# HOW TO COMPLETE THIS TASK
The listing below should be printed exactly, every line of it. Skip the pictures.

# MATERIAL FOR THIS TASK
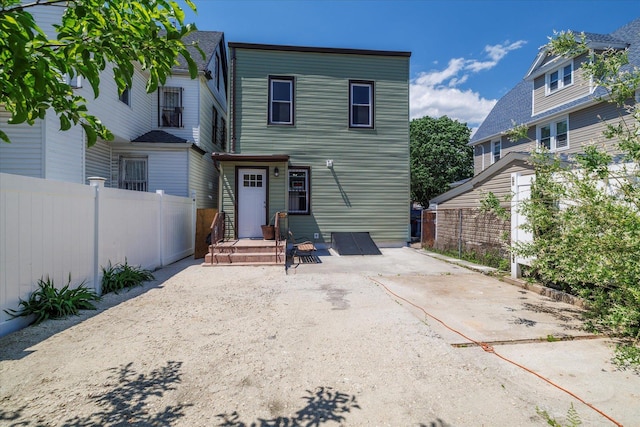 146-14 Shore Ave, Jamaica, NY 11435 - photo 27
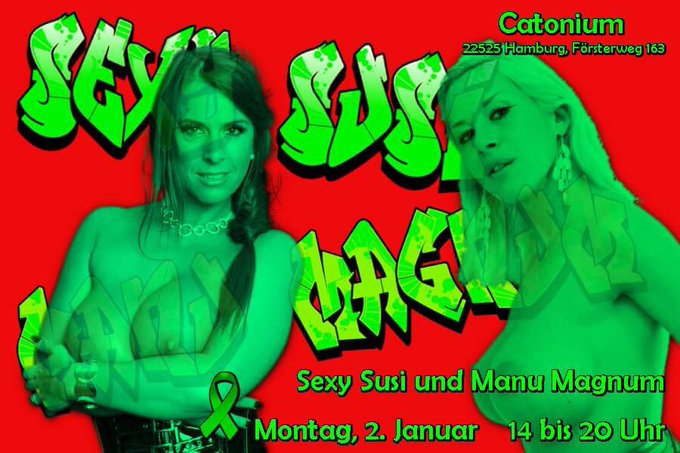 😉👍🏻 https://t.co/FuPSuxMST7<a href="/tag/mdh"class="tags"><span>#mdh</span></a>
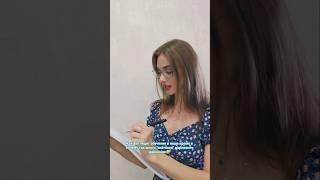 УРОК ВОЖДЕНИЯ#юмор #шутка #шуткадня #смешноевидео #сарказм #шутка #тиктоклучшее #тренды #реки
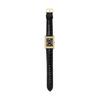 Emporio Armani Watch AR11666 Men's Black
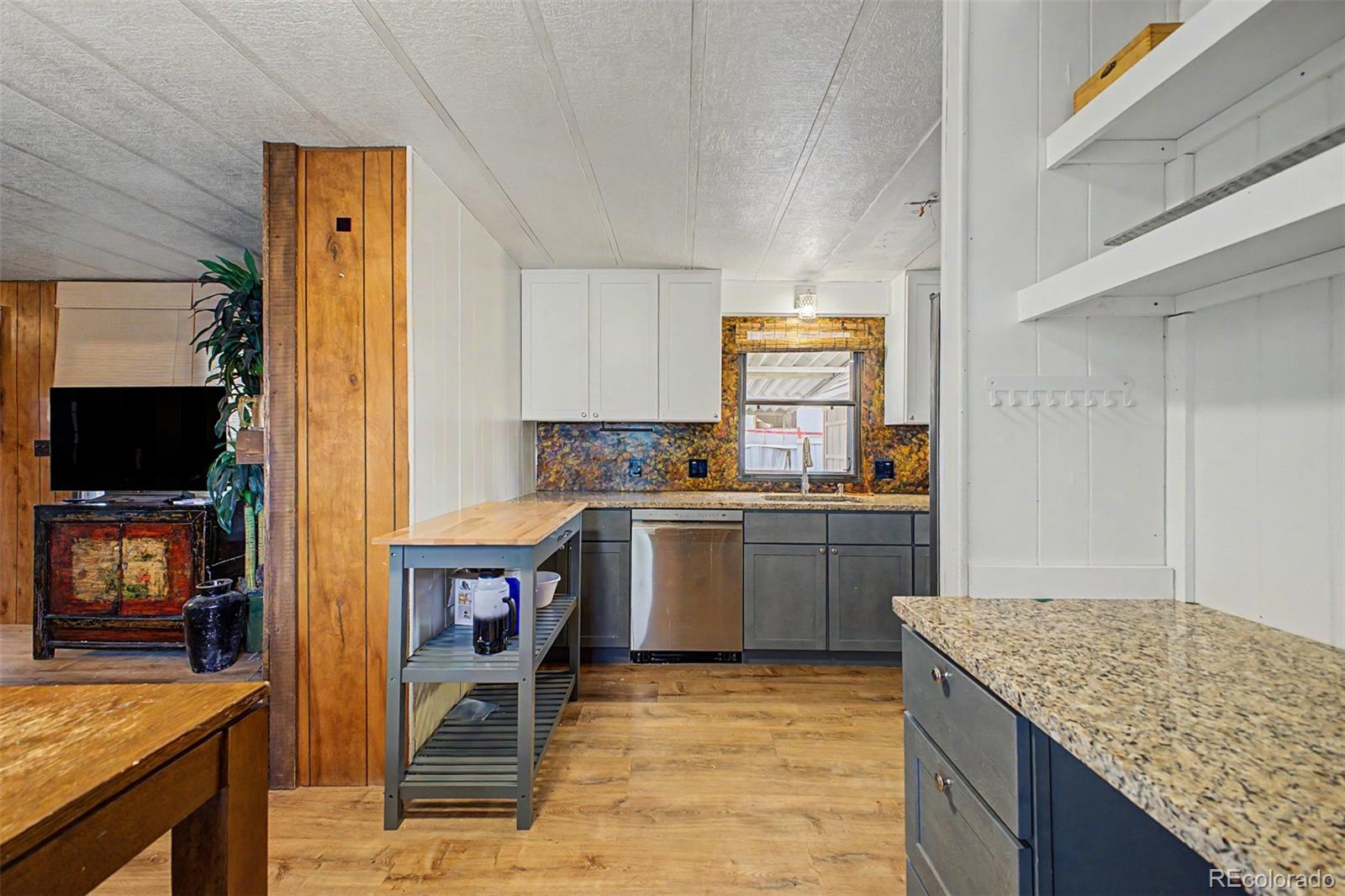 1801 W 92nd Avenue Denver CO 80260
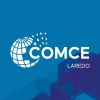 COMCE Noreste Laredo logo - Similar company to Coparmex Tamaulipas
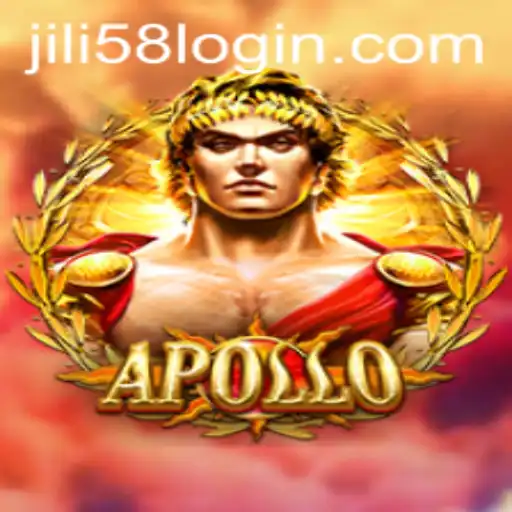 Discover the Thrills of Apollo at JILI58.COM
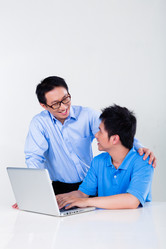 Similar image 6345285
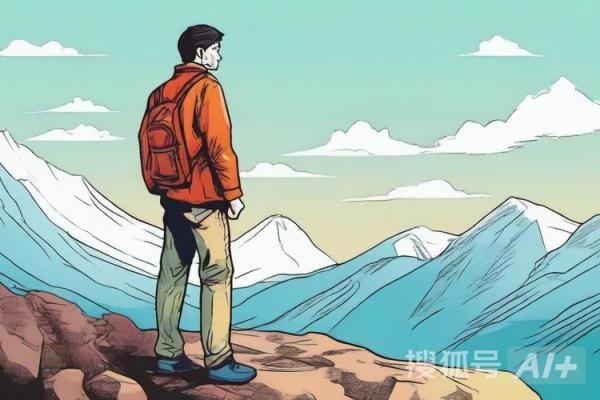 命理缺水者的特征与生活启示：探究水的象征与影响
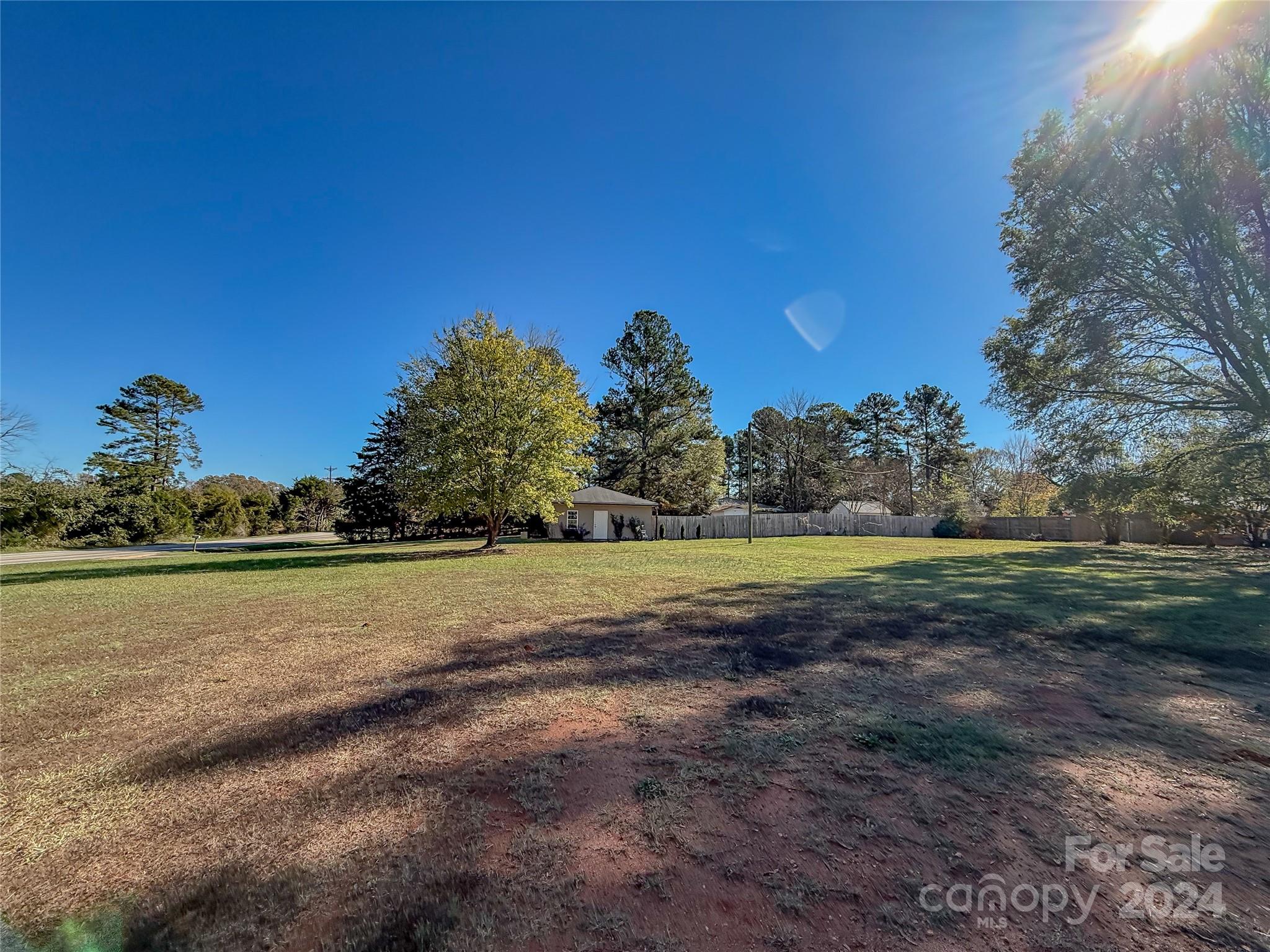 1893 Eastview Road Rock Hill, SC 29732 - Photo 23 of 24 Gallery Image 23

# TASK RESULT
 146-14 Shore Ave, Jamaica, NY 11435 - photo 27
 😉👍🏻 https://t.co/FuPSuxMST7<a href="/tag/mdh"class="tags"><span>#mdh</span></a>
 УРОК ВОЖДЕНИЯ#юмор #шутка #шуткадня #смешноевидео #сарказм #шутка #тиктоклучшее #тренды #реки
 Emporio Armani Watch AR11666 Men's Black
 1801 W 92nd Avenue Denver CO 80260
 COMCE Noreste Laredo logo - Similar company to Coparmex Tamaulipas
 Discover the Thrills of Apollo at JILI58.COM
 Similar image 6345285
 命理缺水者的特征与生活启示：探究水的象征与影响
 1893 Eastview Road Rock Hill, SC 29732 - Photo 23 of 24 Gallery Image 23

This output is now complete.